One year later, on February 4, 1987, Waalkes was charged with the instant DWI *1362offense. He entered a plea of no contest on April 24, 1987. The state argued that this was Waalkes’ third DWI conviction. Waalkes disagreed, arguing that since his earlier convictions were entered on the same day and sentencing was imposed simultaneously, they should count as but a single instance of DWI. District Court Judge Ralph H. Stemp, Jr., accepted Waalkes’ argument, and, treating him as a second offender, imposed a sentence of ninety days in jail with seventy days suspended, a $500 fine, a one-year license revocation, and alcohol screening. It was Judge Stemp’s intent that the unsuspended time be equal to the minimum twenty-day sentence for a second DWI offender.

The sole question on review3 is one of statutory construction: Under the circumstances presented above, is Waalkes a second or third DWI offender? We believe the Alaska Supreme Court has resolved this issue in the state’s favor. We therefore reverse.
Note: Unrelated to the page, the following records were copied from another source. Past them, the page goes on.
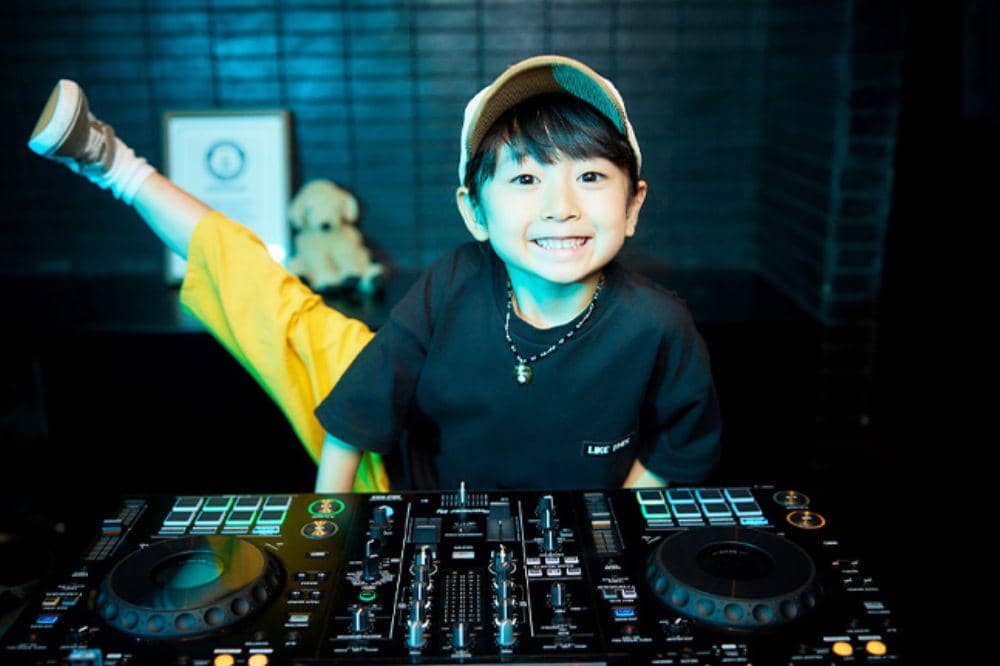 Jadi DJ Termuda di Usia 7 Tahun, Rinoka Berhasil Pecahkan 2 Rekor Dunia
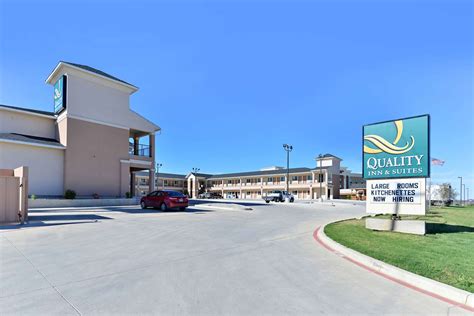 Quality Inn & Suites Carrizo Springs, TX - See Discounts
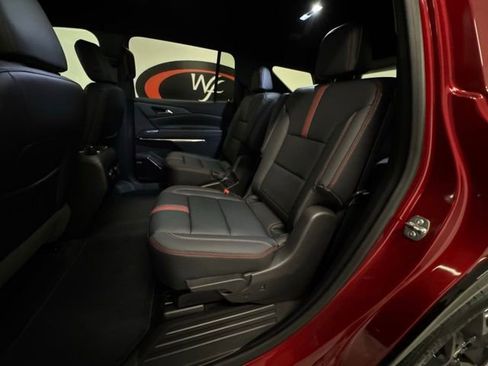 New 2026 Chevrolet Traverse RS FWD image 11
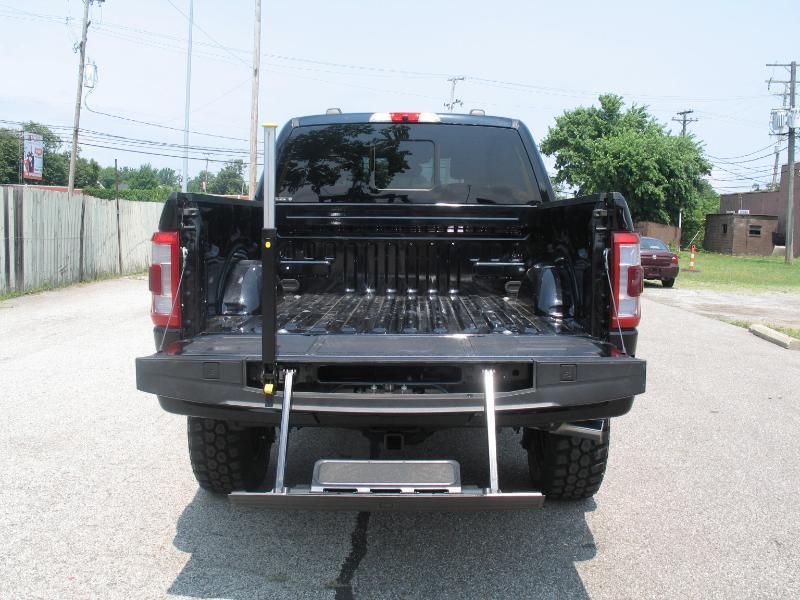 Ford F-150 Lariat SuperCrew 5.5-ft. Bed 4WD 2022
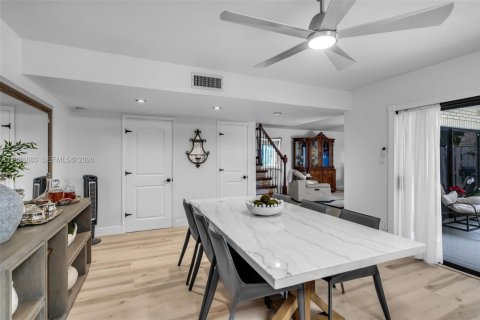 Touwnhouse à vendre à North Lauderdale, Floride: 2 chambres, 142.14 m2 № 2062647 - photo 9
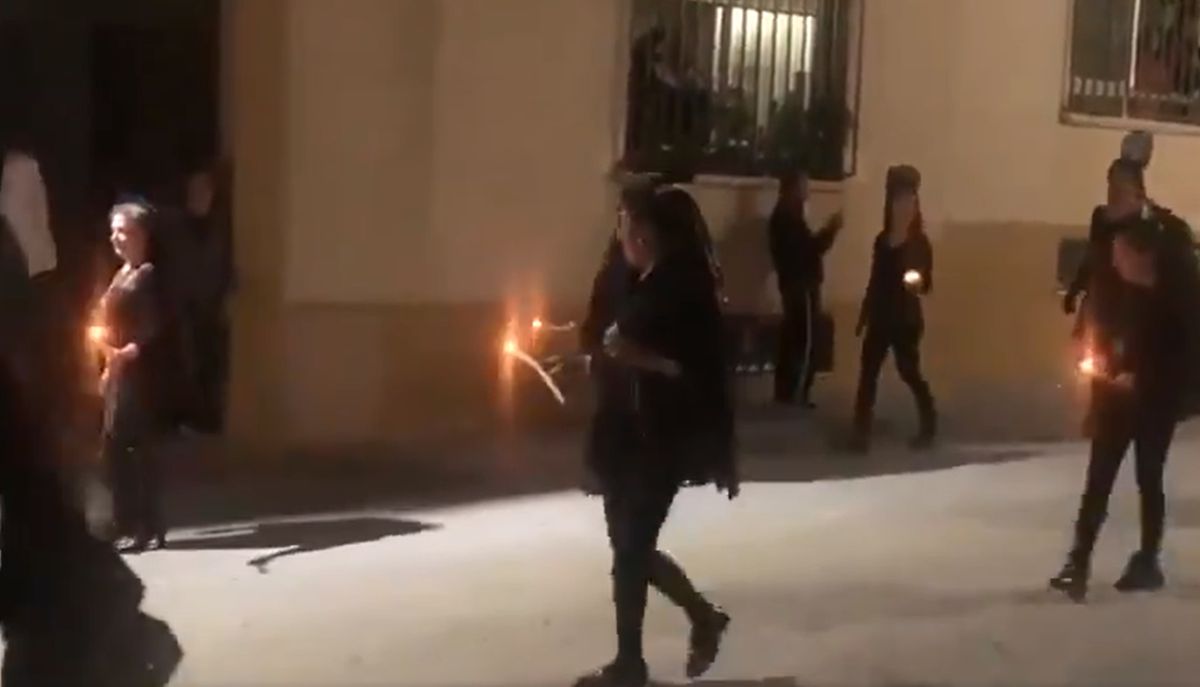 Video: Grupo de mulheres faz procissão em Espanha. Videos geraram indignação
In Tulowetzke v. Dept. of Public Safety, 743 P.2d 368 (Alaska 1987), the supreme court considered an analogous fact situation and an analogous statute. Tulowetzke, like Waalkes, had been arrested and convicted three times for DWI. Tulowetzke was arrested in June and again in August of 1984 and pled no contest to both charges on the same day in September 1984. The district court treated each conviction as a first offense for sentencing purposes and revoked Tulowetzke’s driver’s license for two concurrent ninety-day periods. 743 P.2d at 369. Tulowetzke pled no contest to a third charge of DWI one year later. The district court revoked Tu-lowetzke’s driver’s license for one year. The court considered this conviction as a second offense since the prior convictions were treated as first offenses. The Department of Motor Vehicles (DMV), however, treated the 1985 conviction as a third offense for purposes of administrative revocation, and revoked Tulowetzke’s license for ten years. Tulowetzke appealed the administrative revocation, claiming that the DMV should have only revoked his license for one year. Id.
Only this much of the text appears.